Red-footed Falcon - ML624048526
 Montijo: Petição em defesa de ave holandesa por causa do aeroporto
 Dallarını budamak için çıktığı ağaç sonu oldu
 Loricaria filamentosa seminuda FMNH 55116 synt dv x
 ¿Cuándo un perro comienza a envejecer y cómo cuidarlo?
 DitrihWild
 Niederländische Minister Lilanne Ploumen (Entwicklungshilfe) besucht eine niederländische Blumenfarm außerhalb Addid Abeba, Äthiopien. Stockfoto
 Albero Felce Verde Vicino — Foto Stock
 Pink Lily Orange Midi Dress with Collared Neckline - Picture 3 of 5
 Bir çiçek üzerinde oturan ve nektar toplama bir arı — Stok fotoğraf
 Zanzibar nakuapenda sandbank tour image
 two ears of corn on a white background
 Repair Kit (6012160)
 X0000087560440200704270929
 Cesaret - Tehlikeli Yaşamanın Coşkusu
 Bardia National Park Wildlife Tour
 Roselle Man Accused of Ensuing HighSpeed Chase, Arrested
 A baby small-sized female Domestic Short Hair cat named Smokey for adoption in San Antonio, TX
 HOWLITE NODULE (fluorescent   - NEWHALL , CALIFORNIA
#####
Exercise prompt = Extract every record and return it verbatim.

Result of the exercise =
Red-footed Falcon - ML624048526
 Montijo: Petição em defesa de ave holandesa por causa do aeroporto
 Dallarını budamak için çıktığı ağaç sonu oldu
 Loricaria filamentosa seminuda FMNH 55116 synt dv x
 ¿Cuándo un perro comienza a envejecer y cómo cuidarlo?
 DitrihWild
 Niederländische Minister Lilanne Ploumen (Entwicklungshilfe) besucht eine niederländische Blumenfarm außerhalb Addid Abeba, Äthiopien. Stockfoto
 Albero Felce Verde Vicino — Foto Stock
 Pink Lily Orange Midi Dress with Collared Neckline - Picture 3 of 5
 Bir çiçek üzerinde oturan ve nektar toplama bir arı — Stok fotoğraf
 Zanzibar nakuapenda sandbank tour image
 two ears of corn on a white background
 Repair Kit (6012160)
 X0000087560440200704270929
 Cesaret - Tehlikeli Yaşamanın Coşkusu
 Bardia National Park Wildlife Tour
 Roselle Man Accused of Ensuing HighSpeed Chase, Arrested
 A baby small-sized female Domestic Short Hair cat named Smokey for adoption in San Antonio, TX
 HOWLITE NODULE (fluorescent   - NEWHALL , CALIFORNIA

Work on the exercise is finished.